Reproduce the listing below as it stands. Leave out each image.

*** Opening of LISTED ENTRIES ***

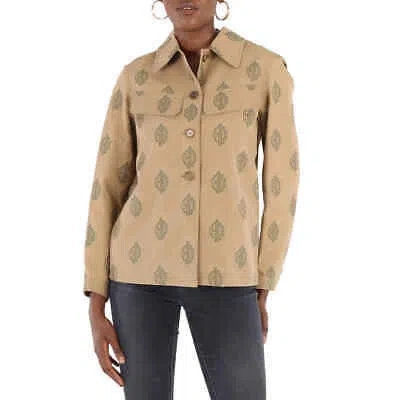 Pre-owned Chloé Chloe Ladies Beige Embroidered Shirt Jacket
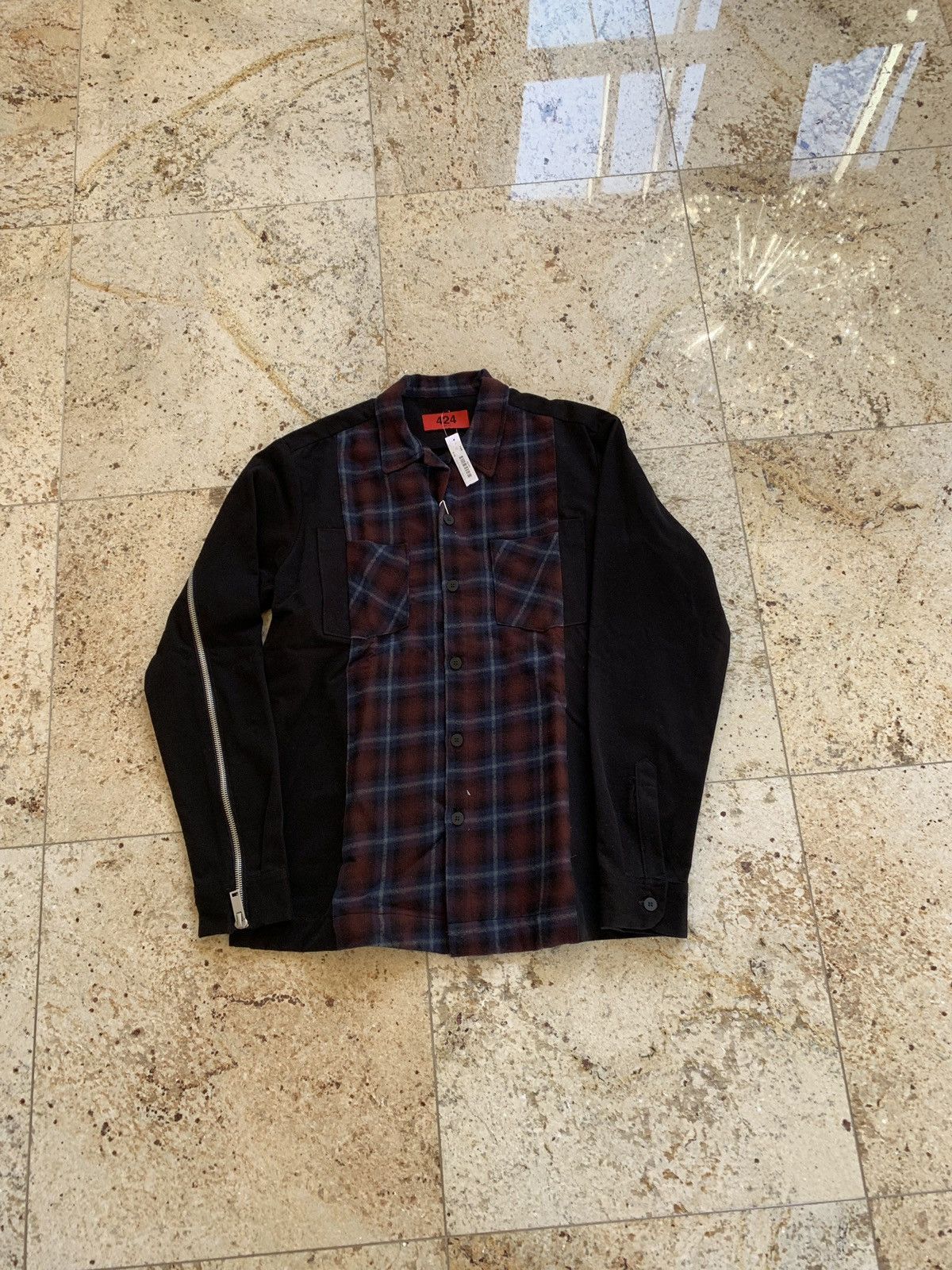 424 Zip Sleeve Flannel Denim Jacket Size US S / EU 44-46 / 1 - 1 Thumbnail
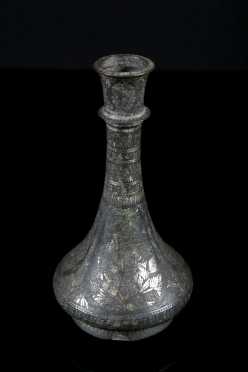 Early Persian Silver Inlaid Pewter Vase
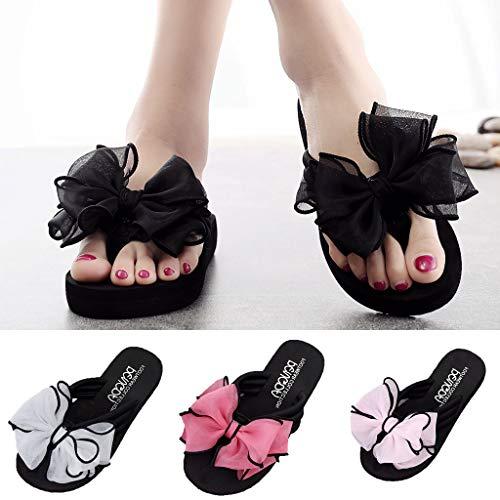 【並行輸入品】womens slippers,Women's Slides Sandals Bowknot Beach Casual Comfの画像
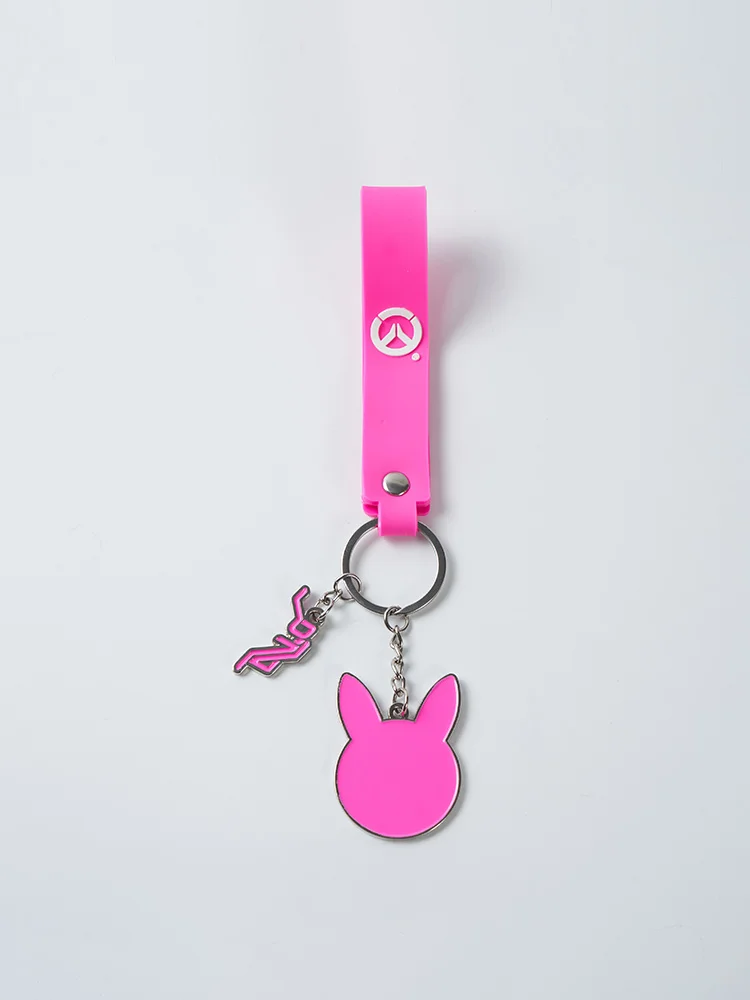 Game Overwatch D.Va Keychains Cute Pink Bunny Holder Car Metal Keyrings Phone Bag Hanging Jewelry Gifts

*** Close of LISTED ENTRIES ***

• EXERCISE SOLUTION:
 Pre-owned Chloé Chloe Ladies Beige Embroidered Shirt Jacket
 424 Zip Sleeve Flannel Denim Jacket Size US S / EU 44-46 / 1 - 1 Thumbnail
 Early Persian Silver Inlaid Pewter Vase
 【並行輸入品】womens slippers,Women's Slides Sandals Bowknot Beach Casual Comfの画像
 Game Overwatch D.Va Keychains Cute Pink Bunny Holder Car Metal Keyrings Phone Bag Hanging Jewelry Gifts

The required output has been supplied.